(Short descriptive text snippets)
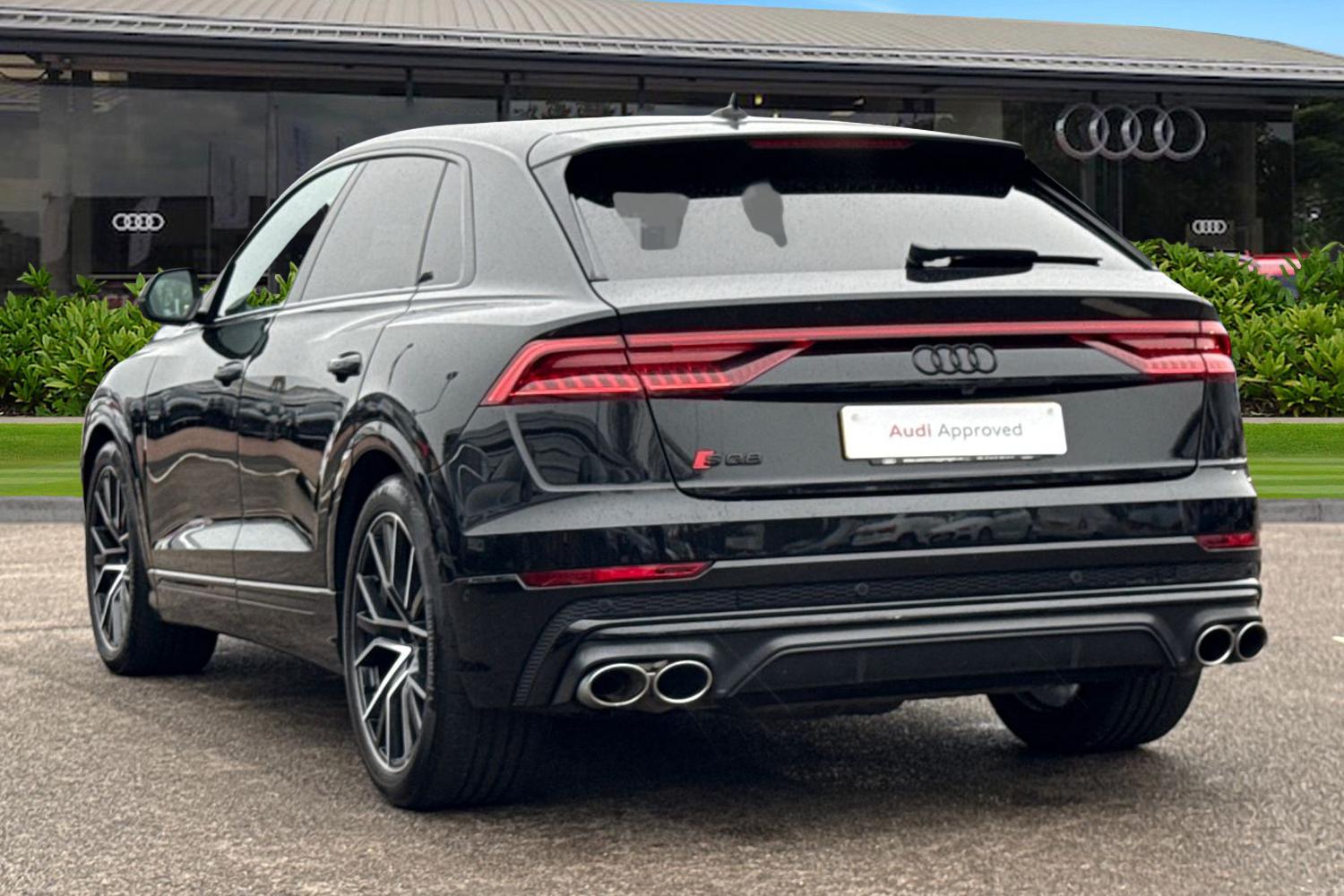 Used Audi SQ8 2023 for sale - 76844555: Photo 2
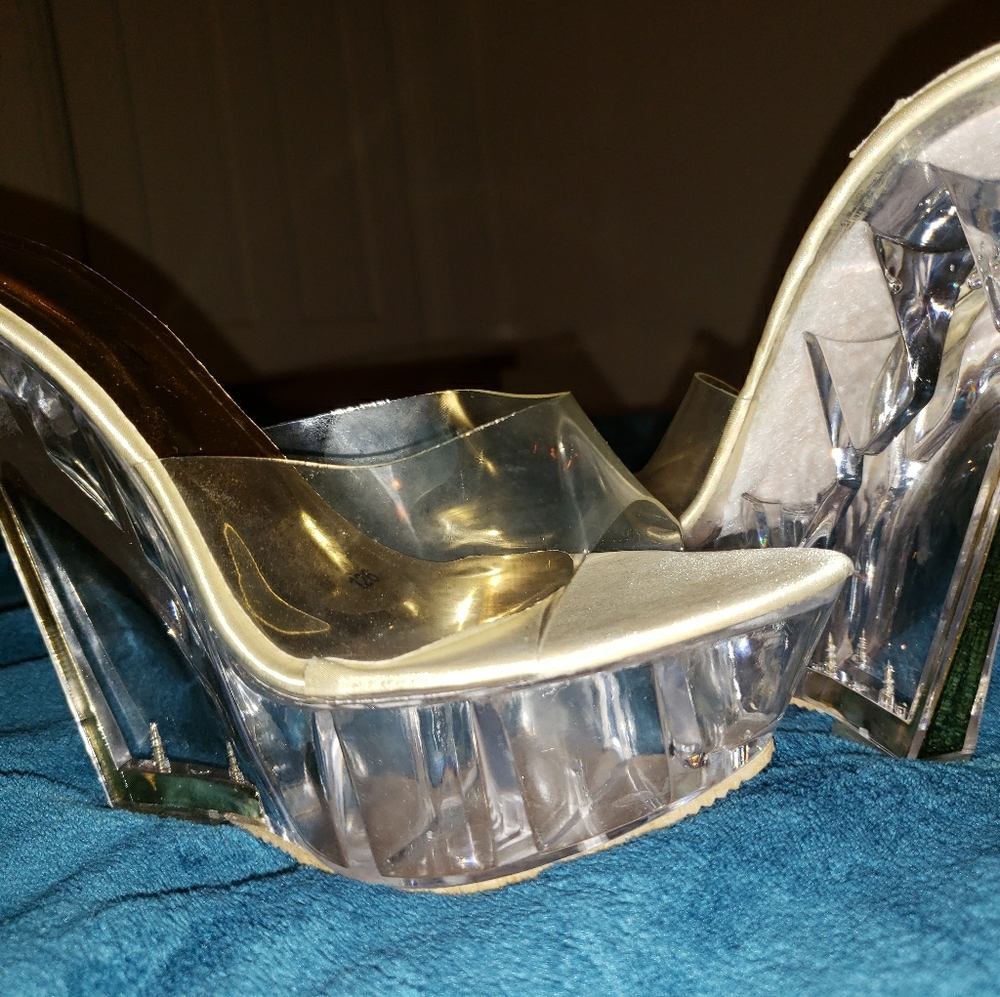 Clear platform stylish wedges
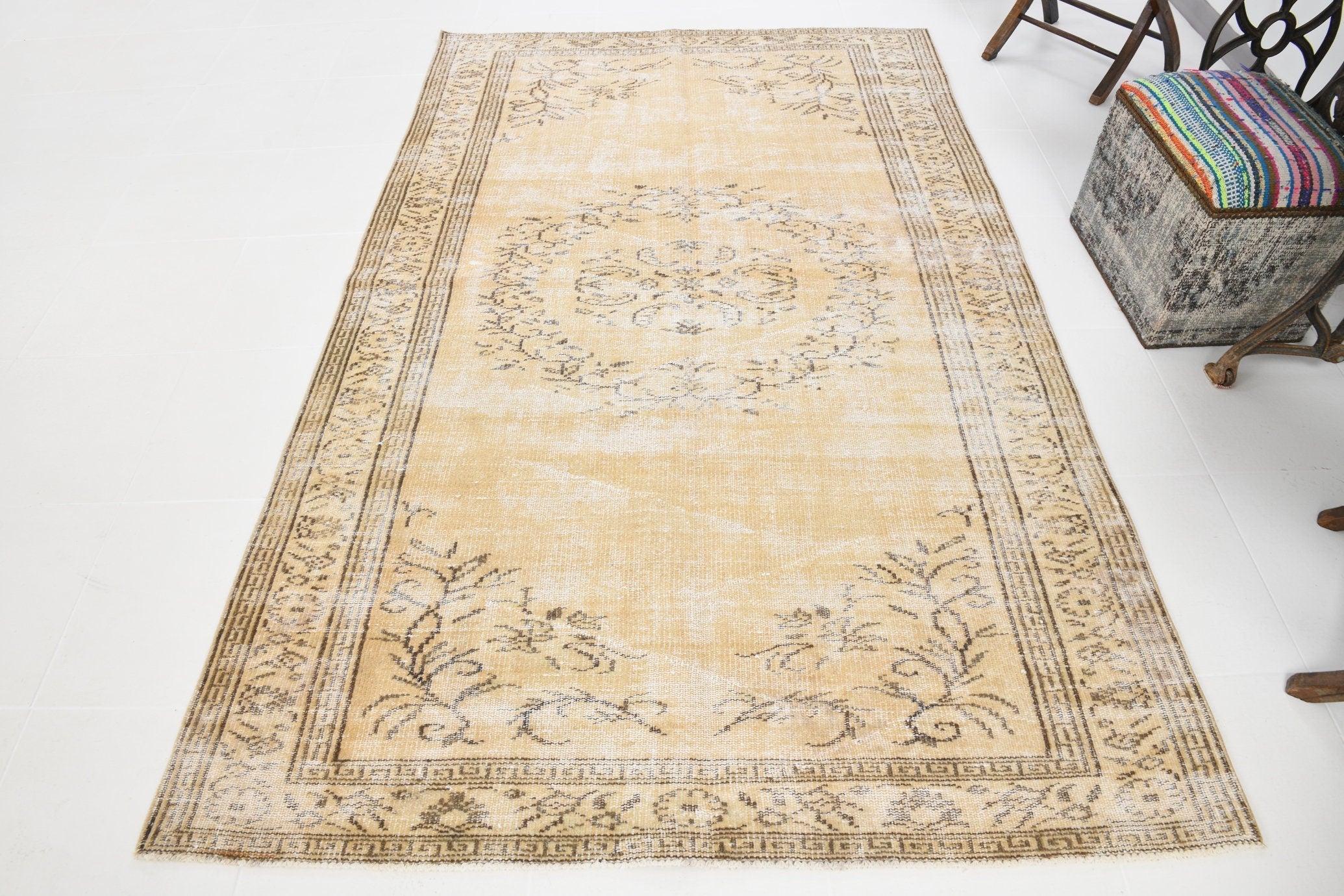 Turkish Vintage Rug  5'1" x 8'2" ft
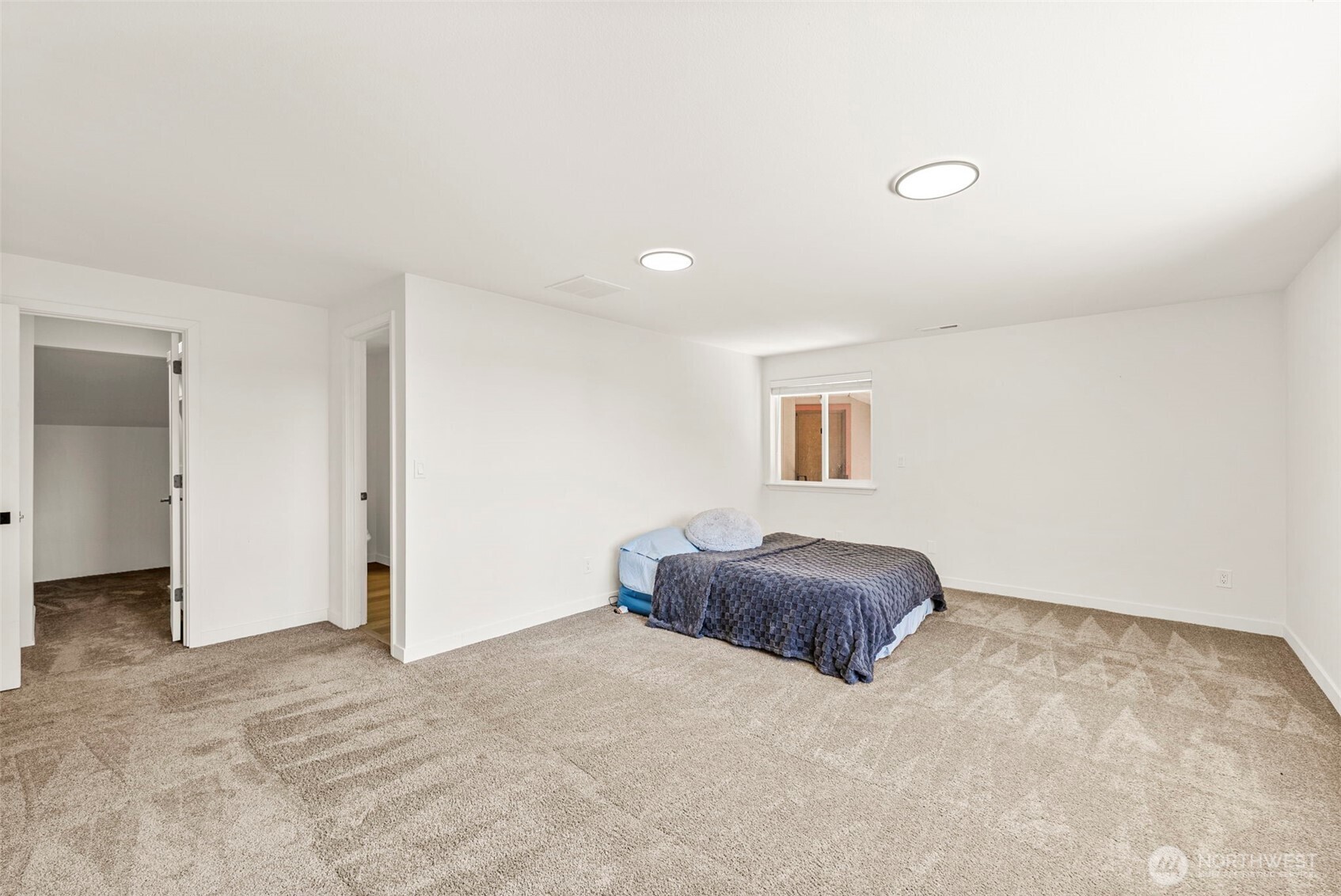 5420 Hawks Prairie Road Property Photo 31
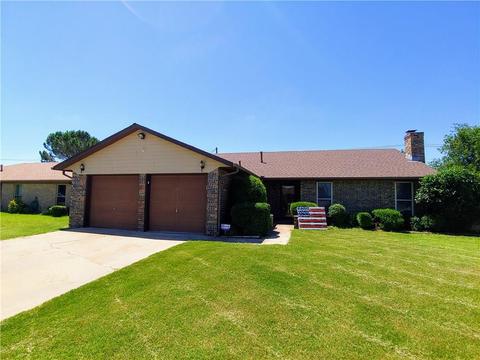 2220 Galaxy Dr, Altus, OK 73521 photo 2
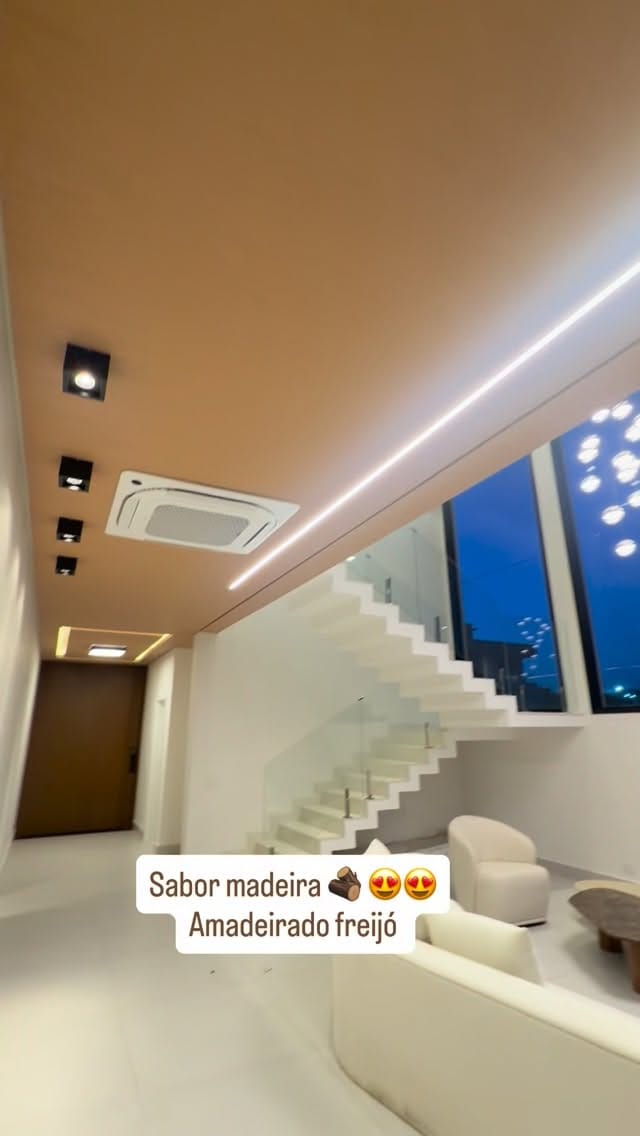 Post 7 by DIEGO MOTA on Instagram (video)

## Work to be completed
Please transcribe the entries exactly, omitting the images.

## Solution below
 Used Audi SQ8 2023 for sale - 76844555: Photo 2
 Clear platform stylish wedges
 Turkish Vintage Rug  5'1" x 8'2" ft
 5420 Hawks Prairie Road Property Photo 31
 2220 Galaxy Dr, Altus, OK 73521 photo 2
 Post 7 by DIEGO MOTA on Instagram (video)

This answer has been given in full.